Updated: May 24, 2026

Quantum State Engineering of Light with Continuous-wave Optical Parametric Oscillators
09:23

Quantum State Engineering of Light with Continuous-wave Optical Parametric Oscillators

Published on: May 30, 2014

Efficient method for computing the maximum-likelihood quantum state from measurements with additive Gaussian noise.

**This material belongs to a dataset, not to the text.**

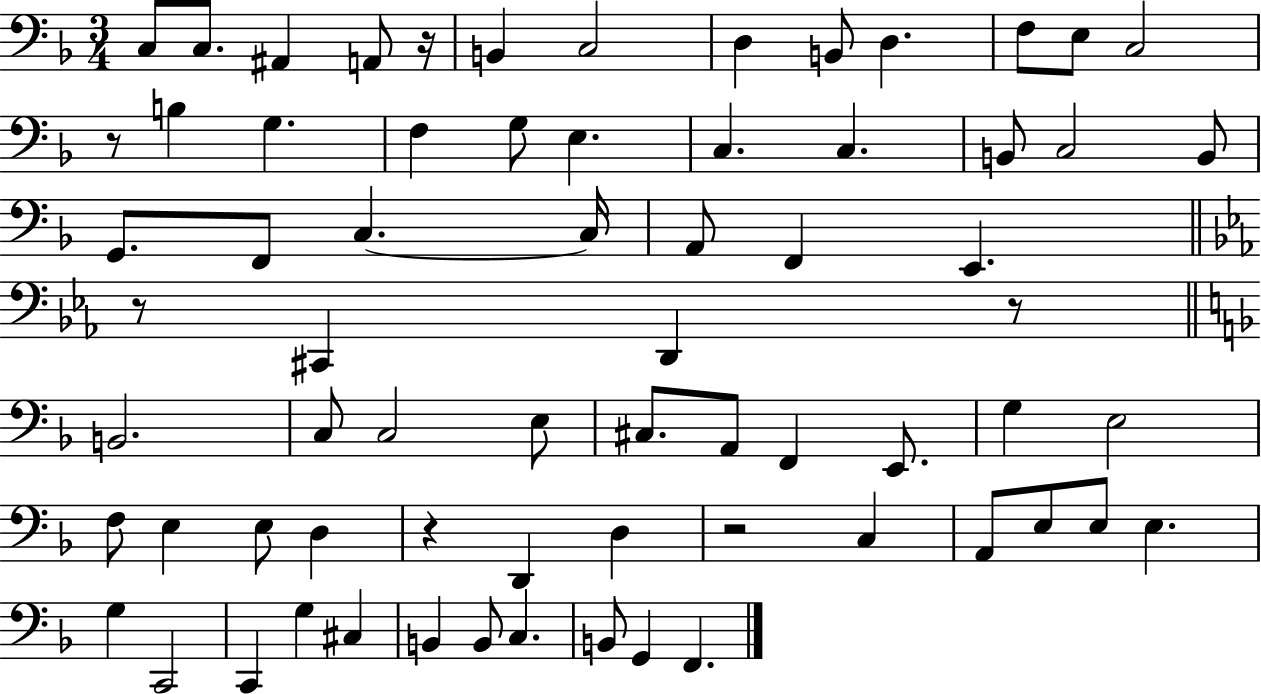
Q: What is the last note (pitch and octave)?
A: F2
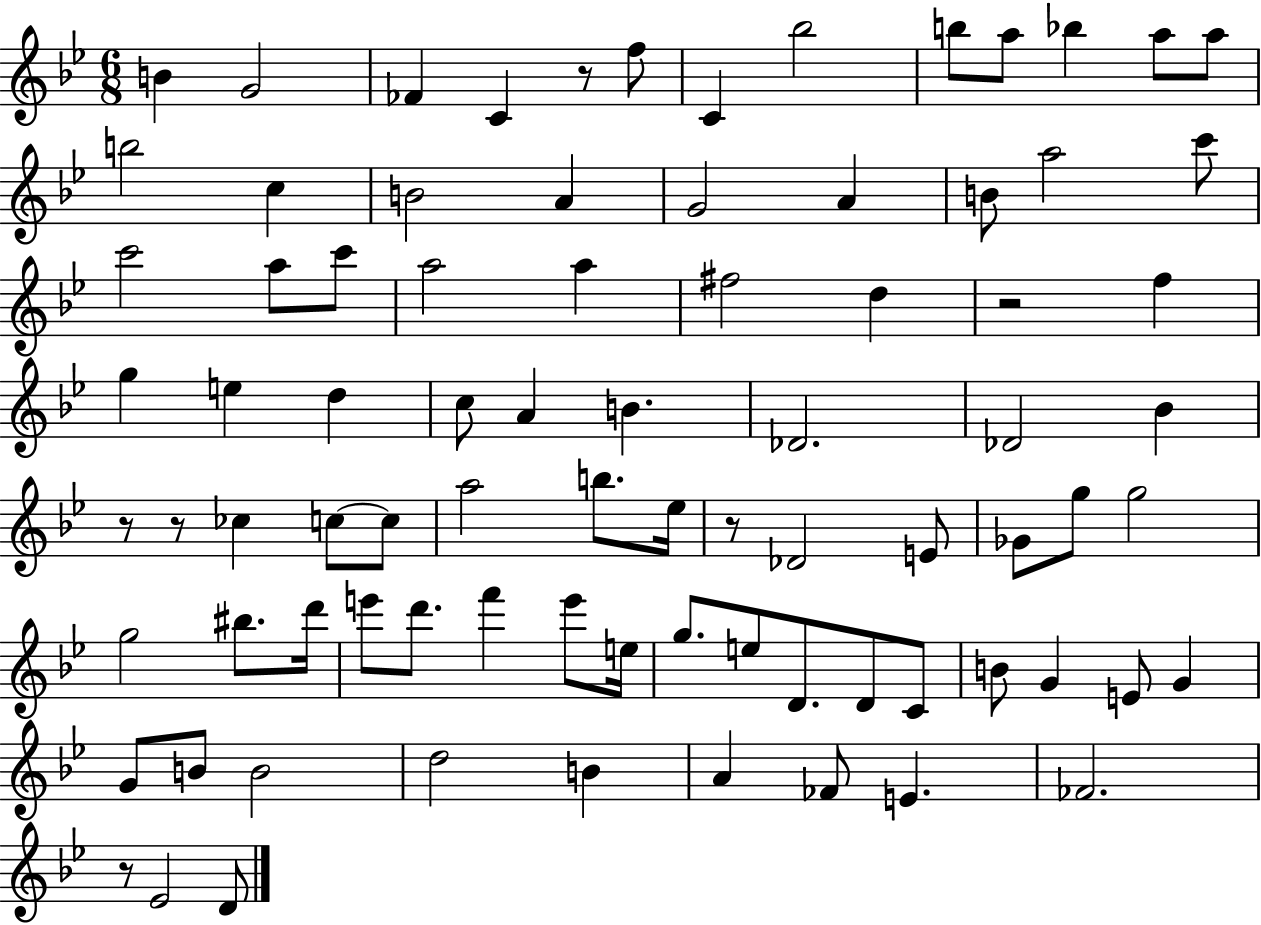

John A Smolin1, Jay M Gambetta, Graeme Smith

  • 1IBM TJ Watson Research Center, Yorktown Heights, New York 10598, USA. smolin@us.ibm.com

Physical Review Letters
|March 10, 2012
PubMed
Summary
This summary is machine-generated.

We developed an efficient algorithm to compute the maximum-likelihood quantum state from noisy measurement data. This method efficiently finds the nearest physical quantum state (density matrix ρ) to a candidate state.

Related Experiment Videos

Last Updated: May 24, 2026

Quantum State Engineering of Light with Continuous-wave Optical Parametric Oscillators
09:23

Quantum State Engineering of Light with Continuous-wave Optical Parametric Oscillators

Published on: May 30, 2014

Area of Science:

  • Quantum Information Science
  • Quantum Computing
  • Quantum State Estimation

Background:

  • Accurate quantum state reconstruction is crucial for quantum information processing.
  • Experimental quantum measurements are often corrupted by Gaussian noise.
  • Existing methods for mixed quantum state estimation can be computationally intensive.

Purpose of the Study:

  • To develop an efficient computational method for maximum-likelihood quantum state estimation.
  • To handle noisy measurement outcomes in a complete orthonormal operator basis.
  • To ensure the reconstructed quantum state is physically valid (non-negative eigenvalues).

Main Methods:

  • The algorithm involves a basis change to obtain a candidate density matrix (μ).
  • It then identifies the nearest physical state to μ using the 2-norm.
  • A novel linear-time algorithm is used for finding the closest probability distribution.

Main Results:

  • The overall computational complexity is at most O(d^4) for basis change and O(d^3) for state reconstruction, where d is the quantum state dimension.
  • For Pauli operator bases, the basis change complexity reduces to O(d^3).
  • The method guarantees a physically valid density matrix (ρ).

Conclusions:

  • This efficient algorithm provides a practical solution for reconstructing mixed quantum states from noisy data.
  • The computational efficiency makes it suitable for high-dimensional quantum systems.
  • The method advances the field of quantum state tomography and characterization.